=== ENTRIES SHOWN ===
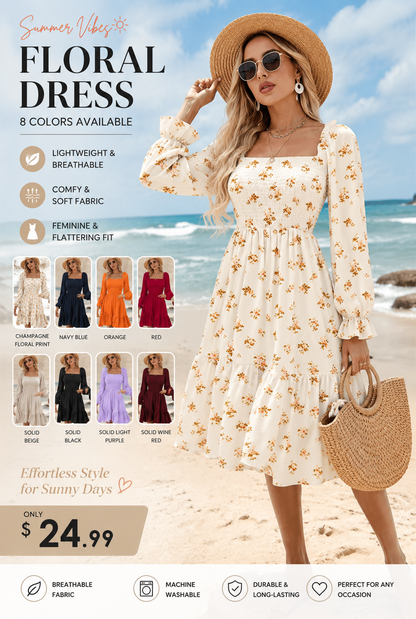 Women's Shirred Mini Dress ✨ Square Neck Lantern Sleeve Flowy A-Line Dress with Flattering Fit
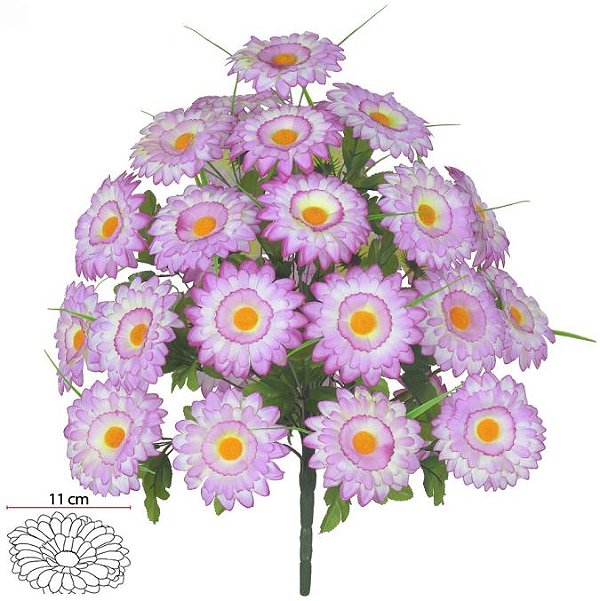 Buque Gerbera X36 Branco Lavanda 63cm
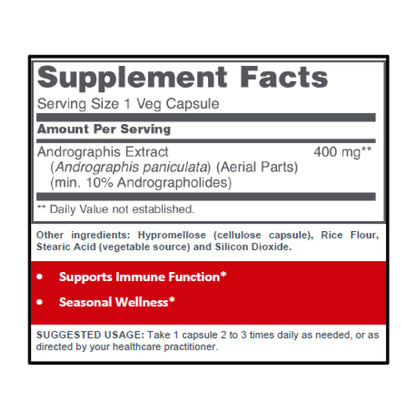 Protocol for Life Balance, Andrographis Extract 400 mg, 90 Veg Capsules Vitamins &amp; Supplements Protocol For Life Balance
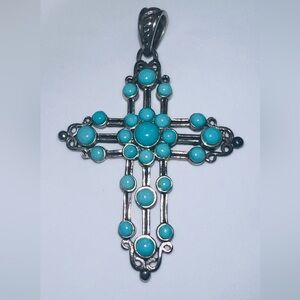Unique Sterling silver turquoise cross pendant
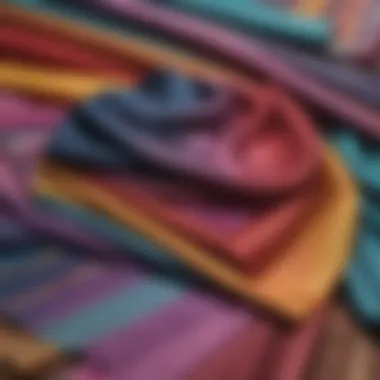 Colorful Fabric Choices Colorful fabric swatches showcasing diverse material options for plus size clothing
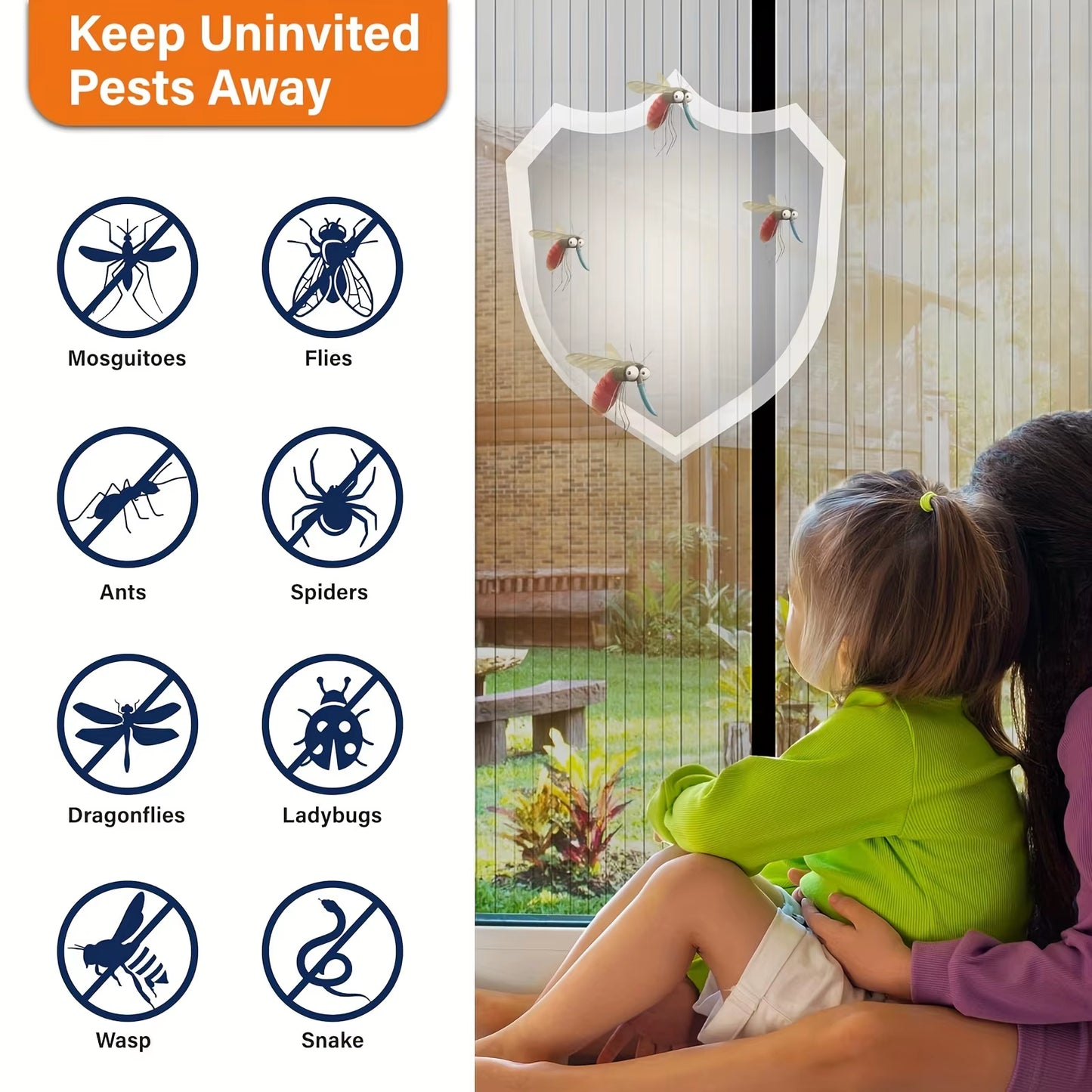 Punch-Free Magnetic Screen Door - Anti-Mosquito Ventilation Curtain made of Durable Fabric Material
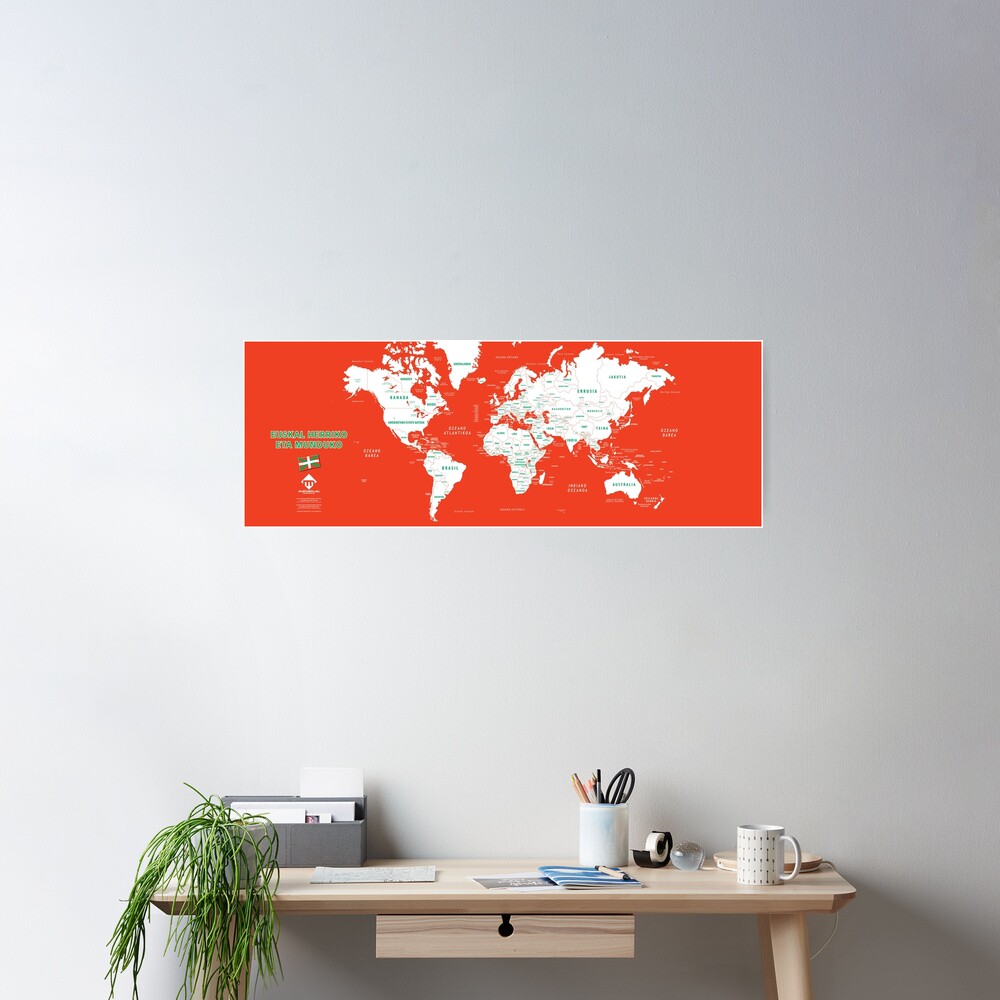 Poster « Carte du monde design en format long en basque»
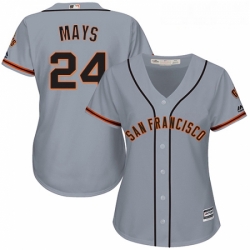 Womens Majestic San Francisco Giants 24 Willie Mays Replica Grey Road Cool Base MLB Jersey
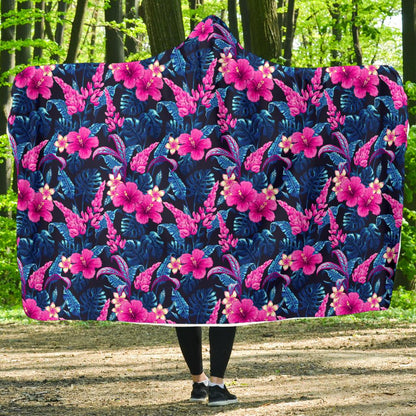 Tropical Folower Pink Themed Print Hooded Blanket-JTAMIGO.COM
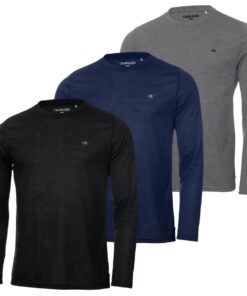 Calvin Klein Hommes T-Shirt Respirant Drainant 3 Pack Manches Longues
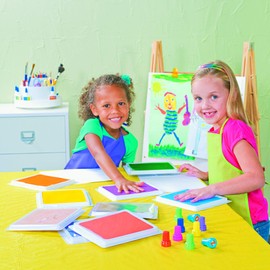 Fun Express - Classic Giant Color Stamp Pad Set Of 6 - Stationery - Stamps - Stamps - Self Inking - 6 Pieces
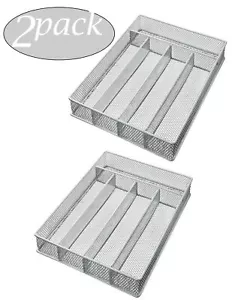 Bandeja de cubiertos de malla plateada Ybm para el hogar de 5 partes 12,5 pulgadas Paquete de 2 L x 9,25 In W x 2 In H - Imagen 1 de 1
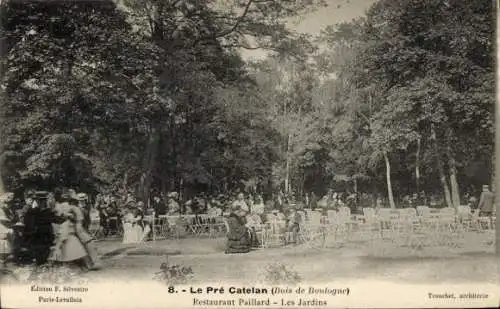 Ak Paris Bois de Boulogne, Restaurant du Pré Catelan, Restaurant Paillard, Les Jardins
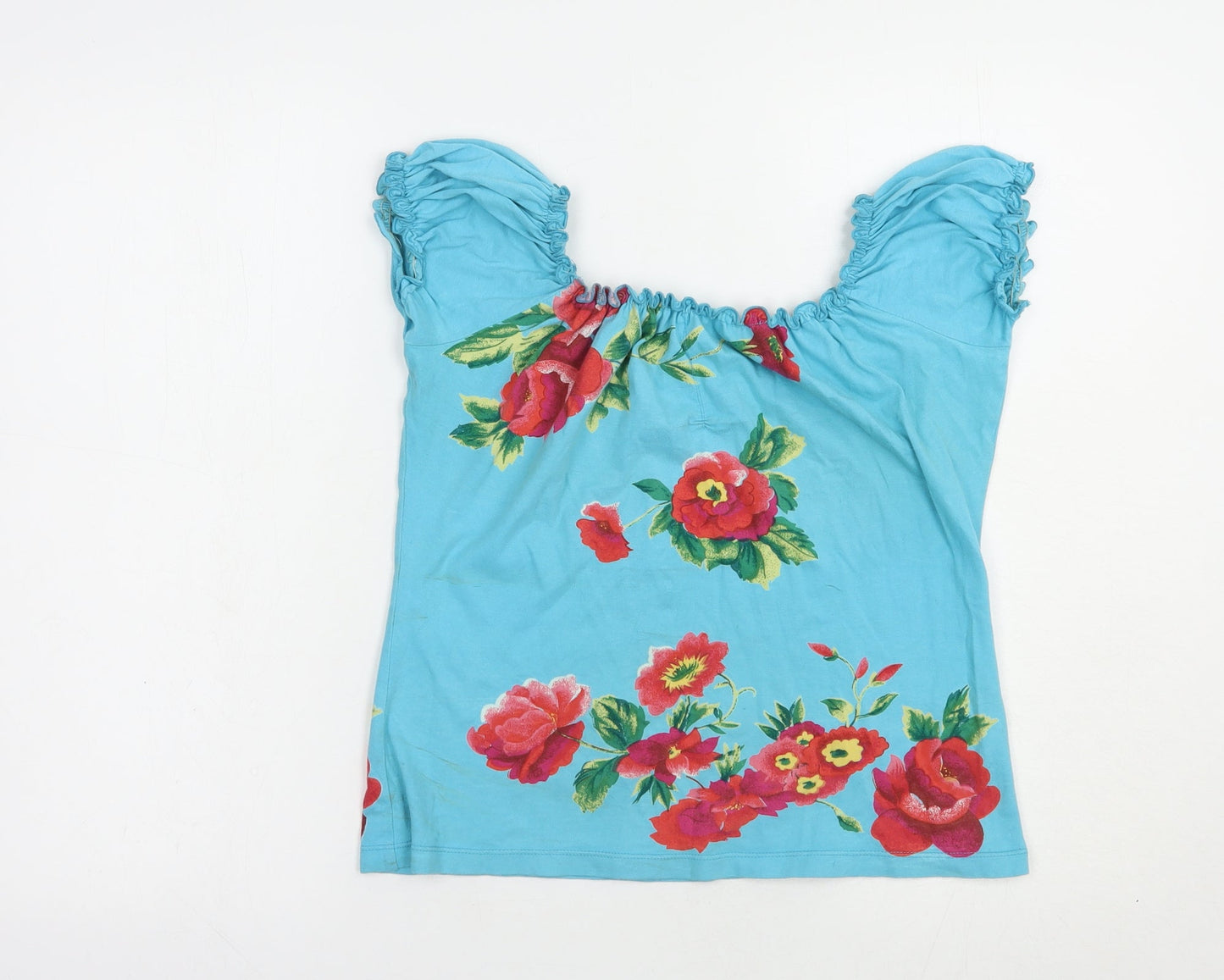 Forever Young Womens Blue Floral Cotton Basic Blouse Size M Off the Shoulder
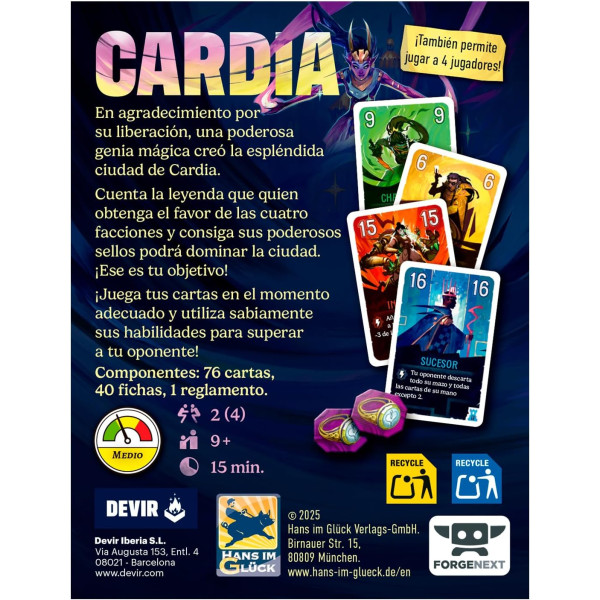 Juego de mesa DUELO POR CARDIA pegi 9 M 3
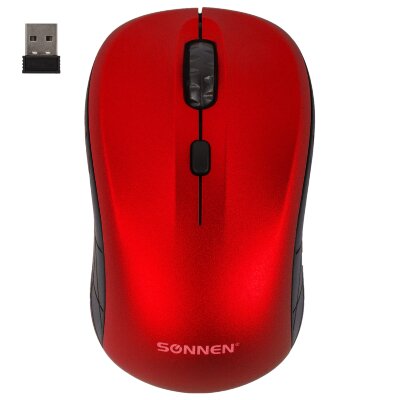 Мышь беспроводная SONNEN V-111, USB, 800/1200/1600 dpi, 4 кнопки, оптическая, красная, 513520, 513520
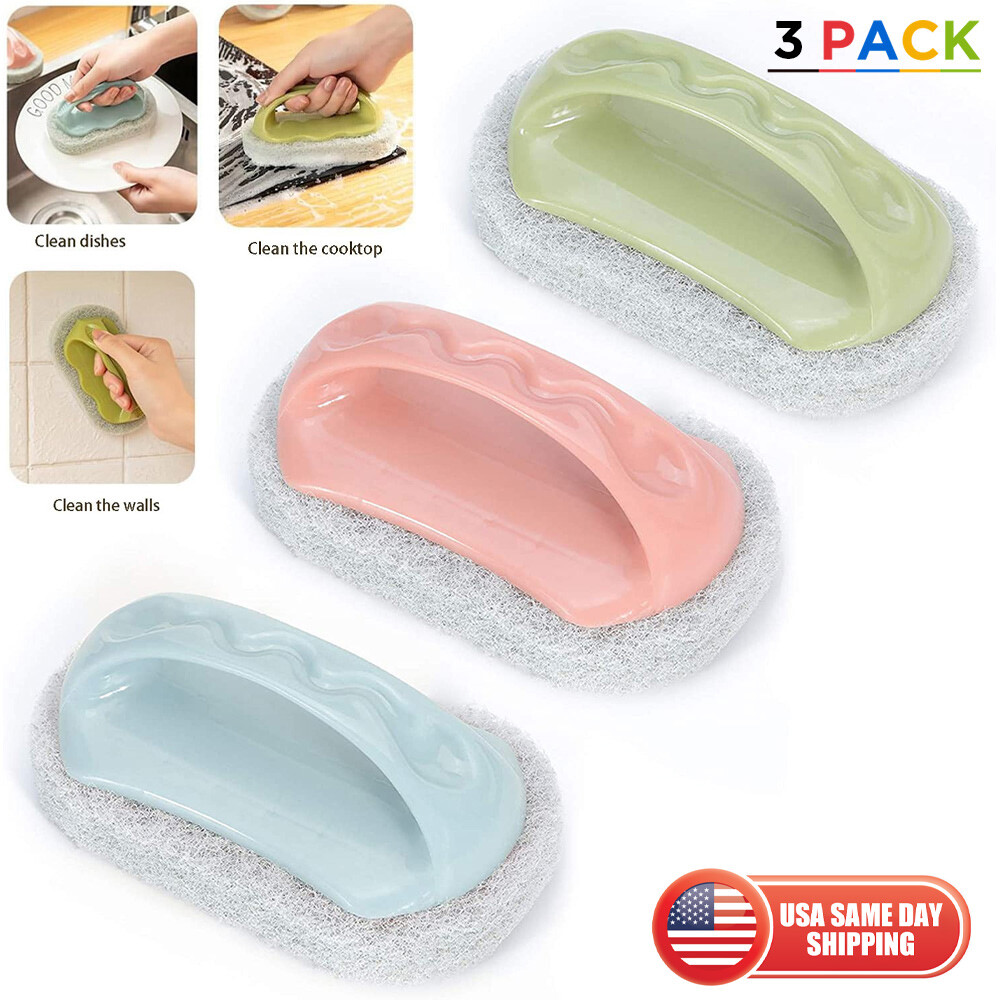 3Pcs Kitchen Clean Sponge Bathtub Pool Scrub Brush Strong Scouring Dish Washing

=== INSTRUCTIONS FOR THE TASK ===
Could you repeat exactly the lines from the first one of the records above through the line containing "Protocol for Life Balance, Andrographis", leaving out any pictures?

=== TASK SOLUTION ===
 Women's Shirred Mini Dress ✨ Square Neck Lantern Sleeve Flowy A-Line Dress with Flattering Fit
 Buque Gerbera X36 Branco Lavanda 63cm
 Protocol for Life Balance, Andrographis Extract 400 mg, 90 Veg Capsules Vitamins &amp; Supplements Protocol For Life Balance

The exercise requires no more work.